Recorded data:
|---|
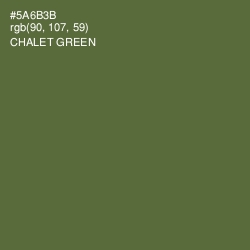 #5A6B3B - Chalet Green Color Image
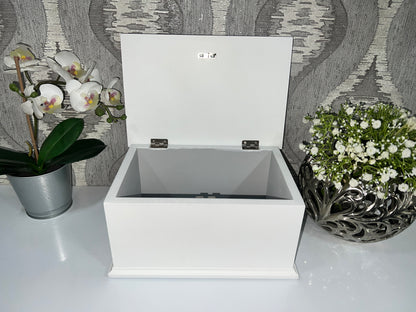 Plain Adult Ashes Casket | Handmade Wooden Memorial Box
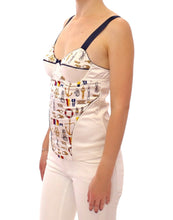 Load image into Gallery viewer, Dolce &amp; Gabbana White sailor motive tank top
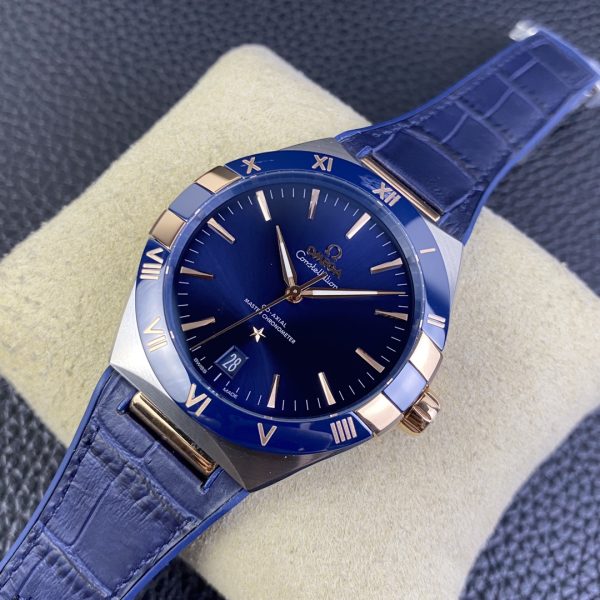 VS Factory Omega Constellation Master Chronometer 41mm Two-Tone Sedna Gold Blue Ceramic… — detail view 2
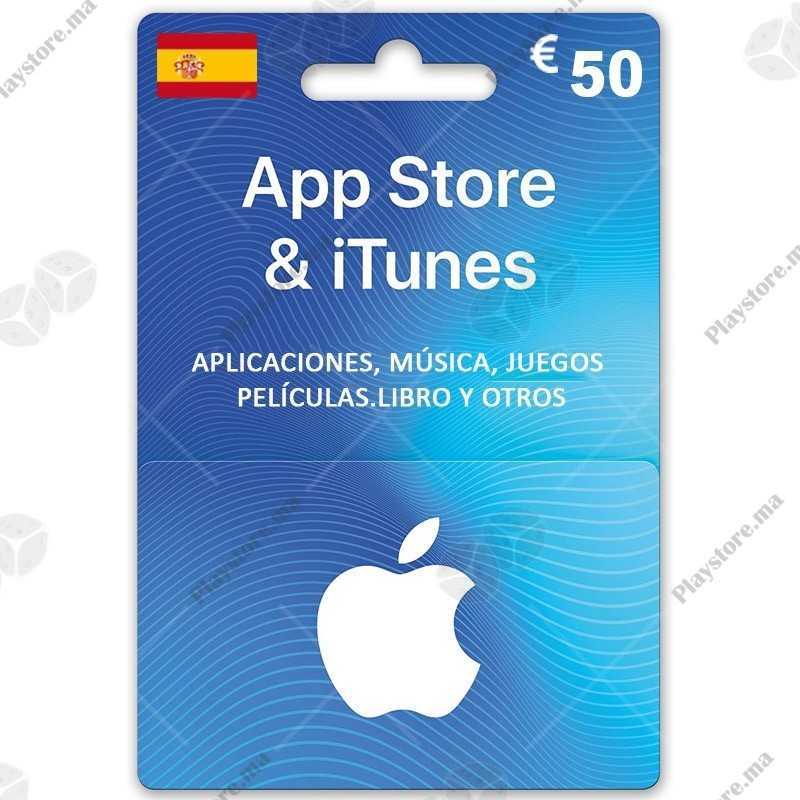 App Store et iTunes 50 Euro Espagne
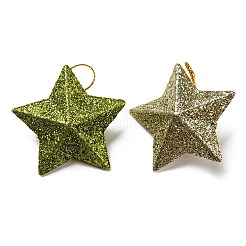 Plastic Glitter Star Pendant Decorations&nbsp;KY-D019-01A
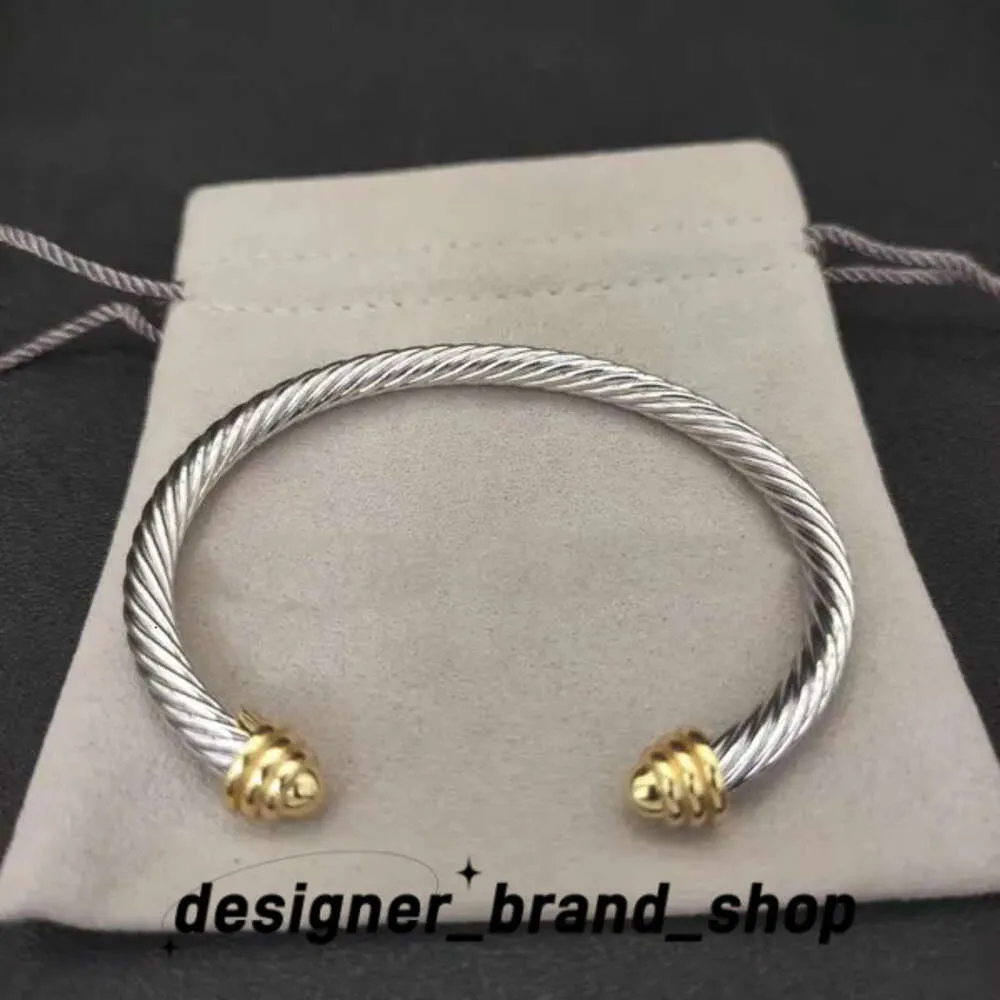 David Yurma Armband Dy Armband Designer Kabelarmband Mode Schmuck für Frauen Gold Silber Perle Kopfkreuz Armband Armband Dy Juwely Mann Weihnachtsgeschenk 763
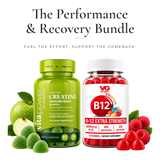 Vita Globe Performance & Recovery Bundle: Creatine Monohydrate and B-12 Extra Strength gummies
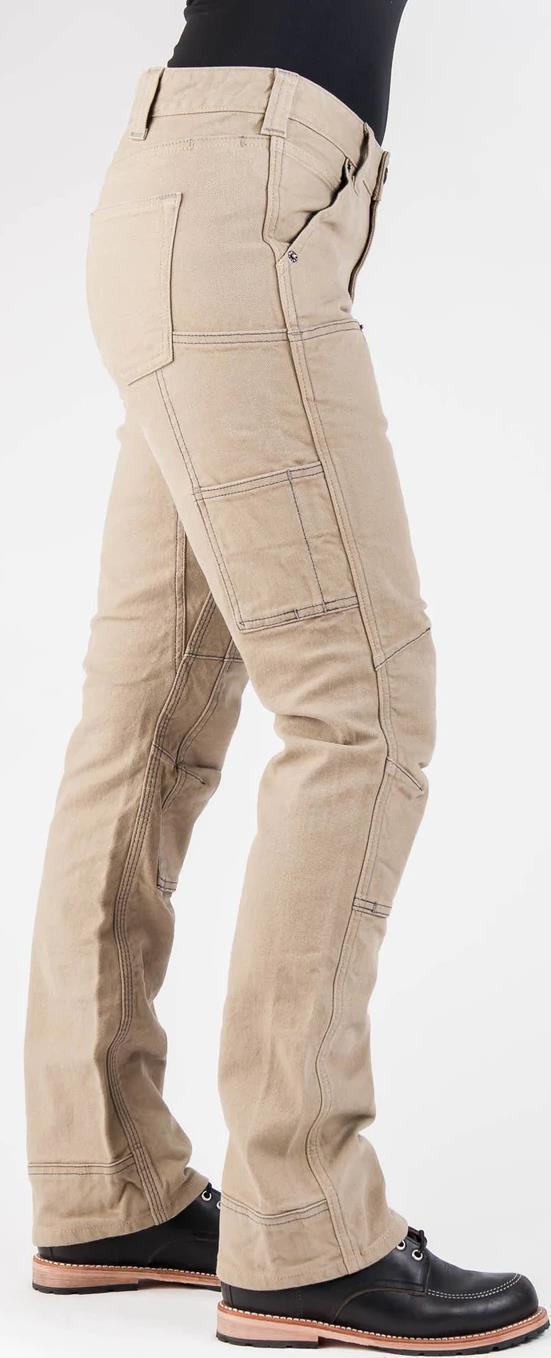 Britt Utility Pants, Natural Canvas, 30" Inseam - Womens - natural canvas 1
|---|
Activity: The lines from the one containing "David Yurma Armband" through the last line above are to be repeated exactly, and only those. Any pictures must be left out.

Solution:
 David Yurma Armband Dy Armband Designer Kabelarmband Mode Schmuck für Frauen Gold Silber Perle Kopfkreuz Armband Armband Dy Juwely Mann Weihnachtsgeschenk 763
 Vita Globe Performance & Recovery Bundle: Creatine Monohydrate and B-12 Extra Strength gummies
 Britt Utility Pants, Natural Canvas, 30" Inseam - Womens - natural canvas 1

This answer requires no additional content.